» TASK DIRECTIONS
Set down exactly the lines from the first line of the records through the line that contains "Hello and what's", and leave every picture out.

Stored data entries
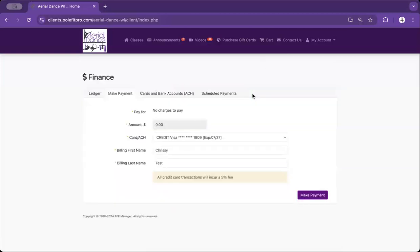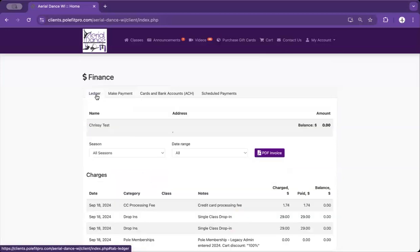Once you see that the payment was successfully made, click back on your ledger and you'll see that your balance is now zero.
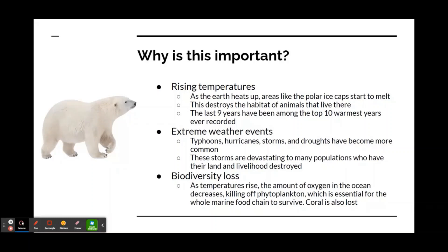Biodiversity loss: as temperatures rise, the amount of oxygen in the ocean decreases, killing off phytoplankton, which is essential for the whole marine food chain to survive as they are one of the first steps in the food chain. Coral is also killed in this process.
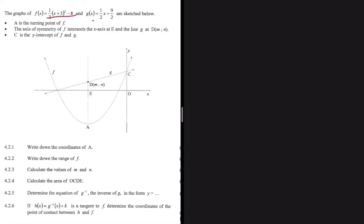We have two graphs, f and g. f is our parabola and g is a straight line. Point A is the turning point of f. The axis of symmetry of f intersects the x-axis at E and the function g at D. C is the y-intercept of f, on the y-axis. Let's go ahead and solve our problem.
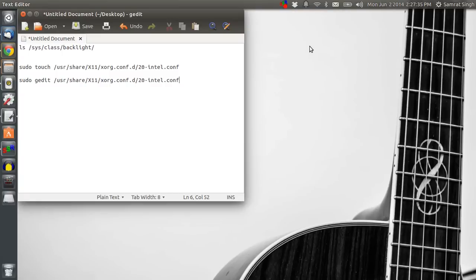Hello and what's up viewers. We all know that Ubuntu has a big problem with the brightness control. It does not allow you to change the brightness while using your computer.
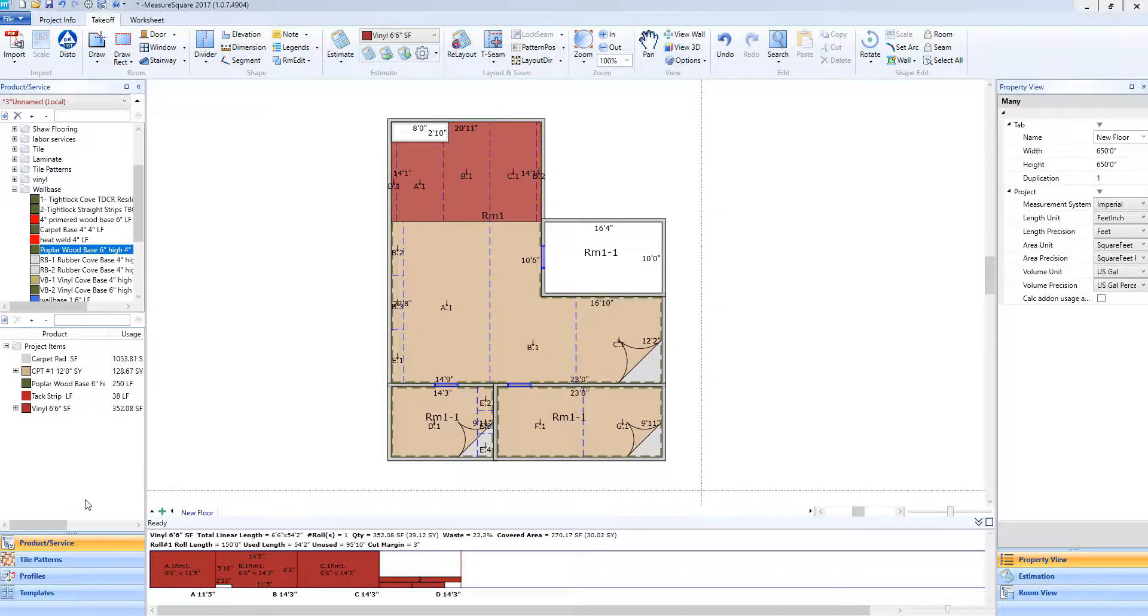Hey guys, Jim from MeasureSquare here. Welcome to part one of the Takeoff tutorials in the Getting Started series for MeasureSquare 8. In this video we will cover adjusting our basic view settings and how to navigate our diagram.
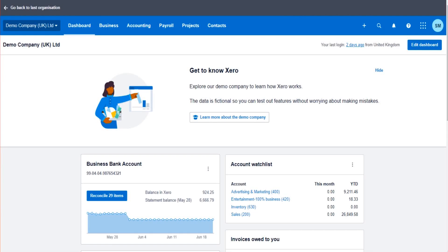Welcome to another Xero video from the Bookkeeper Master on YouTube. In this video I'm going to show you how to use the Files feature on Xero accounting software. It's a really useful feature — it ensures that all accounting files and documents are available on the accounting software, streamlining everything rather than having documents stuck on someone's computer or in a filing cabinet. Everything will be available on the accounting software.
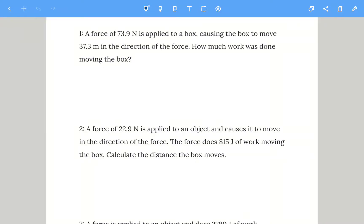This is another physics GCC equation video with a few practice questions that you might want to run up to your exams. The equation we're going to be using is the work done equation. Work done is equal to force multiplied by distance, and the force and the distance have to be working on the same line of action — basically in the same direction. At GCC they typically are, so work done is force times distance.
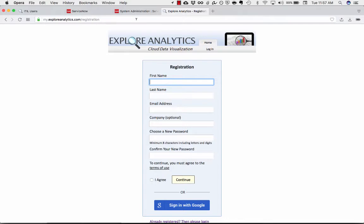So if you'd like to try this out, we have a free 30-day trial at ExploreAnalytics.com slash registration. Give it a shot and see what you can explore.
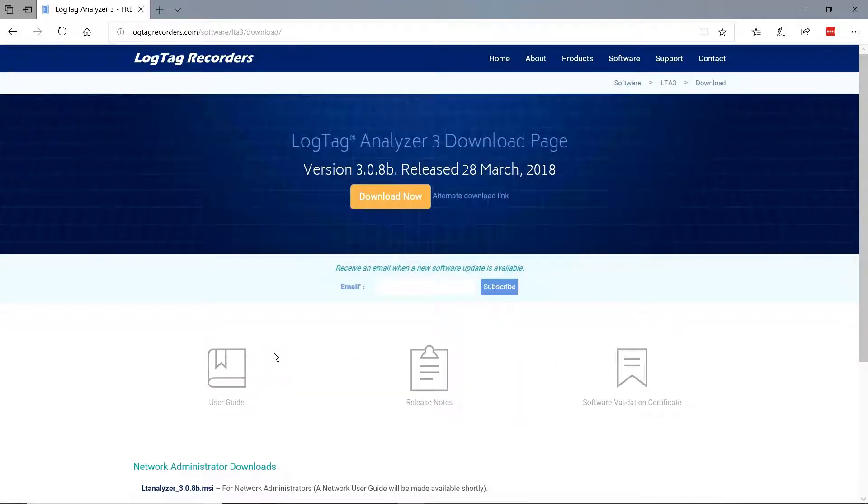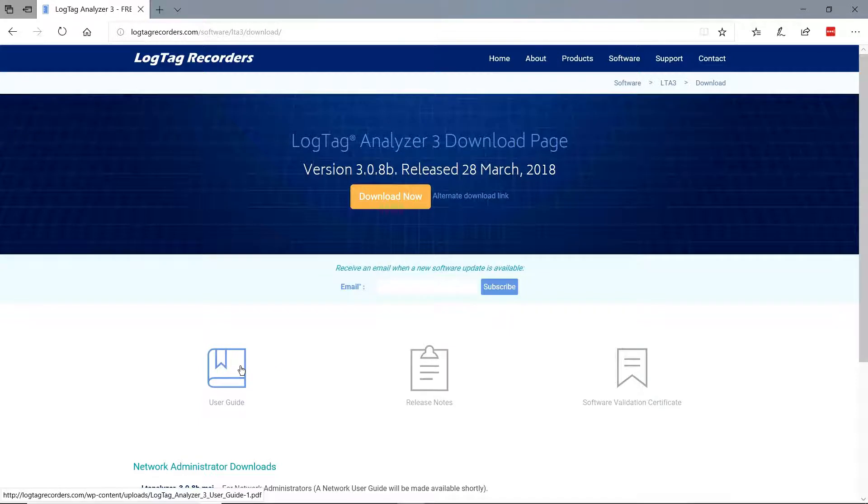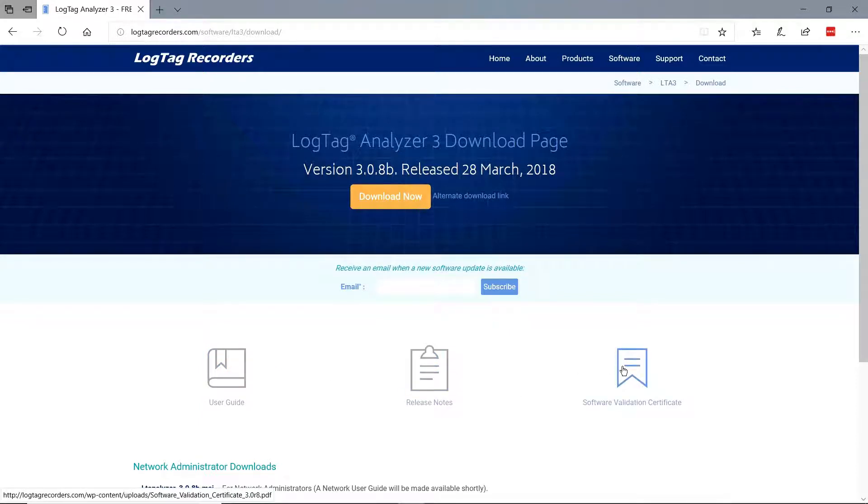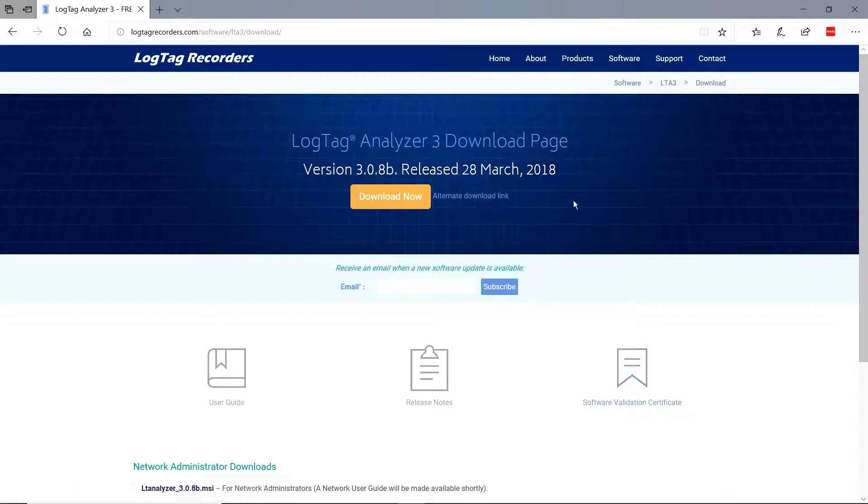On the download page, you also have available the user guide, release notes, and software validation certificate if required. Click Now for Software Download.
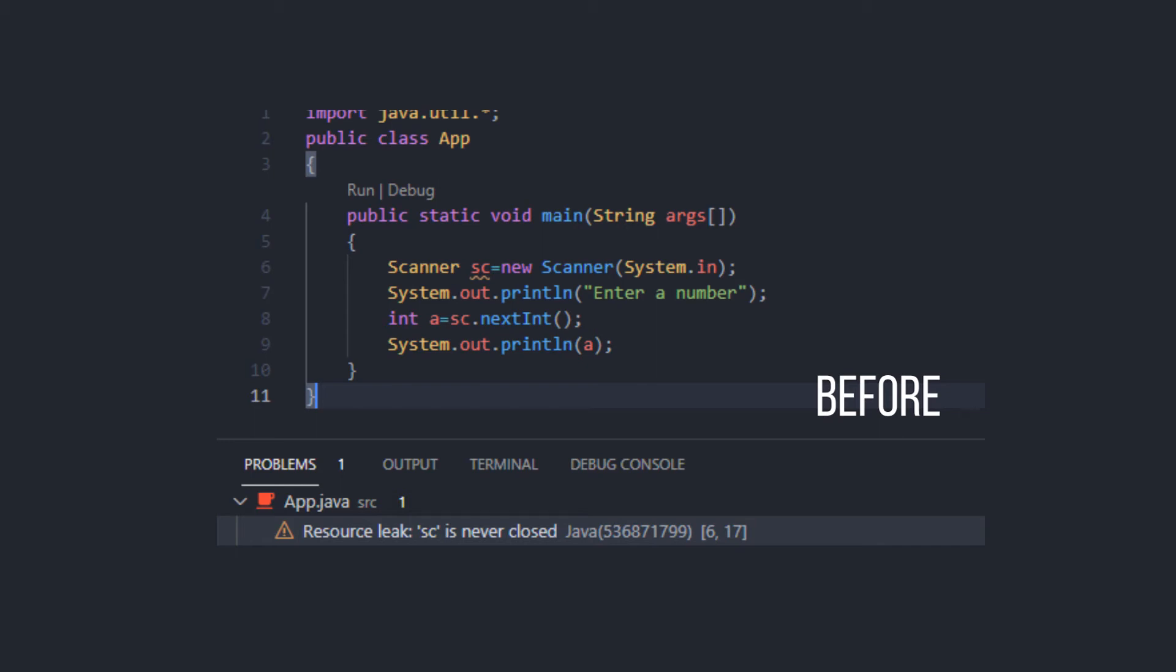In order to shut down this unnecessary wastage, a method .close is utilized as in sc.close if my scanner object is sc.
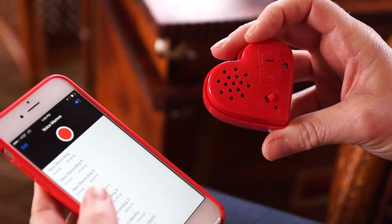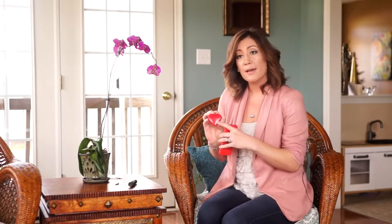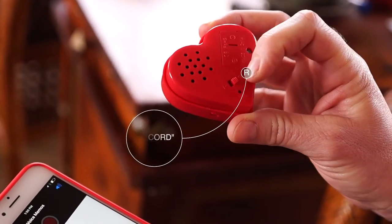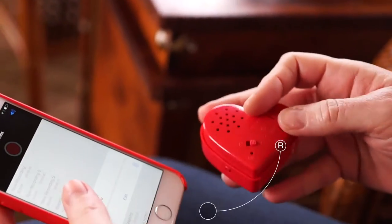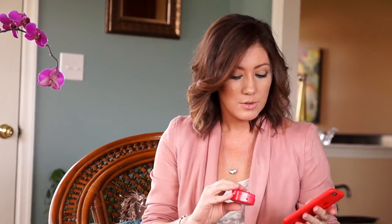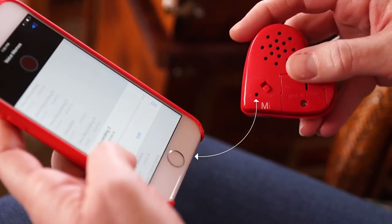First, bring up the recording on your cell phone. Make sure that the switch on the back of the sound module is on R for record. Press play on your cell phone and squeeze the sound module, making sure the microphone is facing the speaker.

» ANSWER SECTION
Once you see that the payment was successfully made, click back on your ledger and you'll see that your balance is now zero.
Biodiversity loss: as temperatures rise, the amount of oxygen in the ocean decreases, killing off phytoplankton, which is essential for the whole marine food chain to survive as they are one of the first steps in the food chain. Coral is also killed in this process.
We have two graphs, f and g. f is our parabola and g is a straight line. Point A is the turning point of f. The axis of symmetry of f intersects the x-axis at E and the function g at D. C is the y-intercept of f, on the y-axis. Let's go ahead and solve our problem.
Hello and what's up viewers. We all know that Ubuntu has a big problem with the brightness control. It does not allow you to change the brightness while using your computer.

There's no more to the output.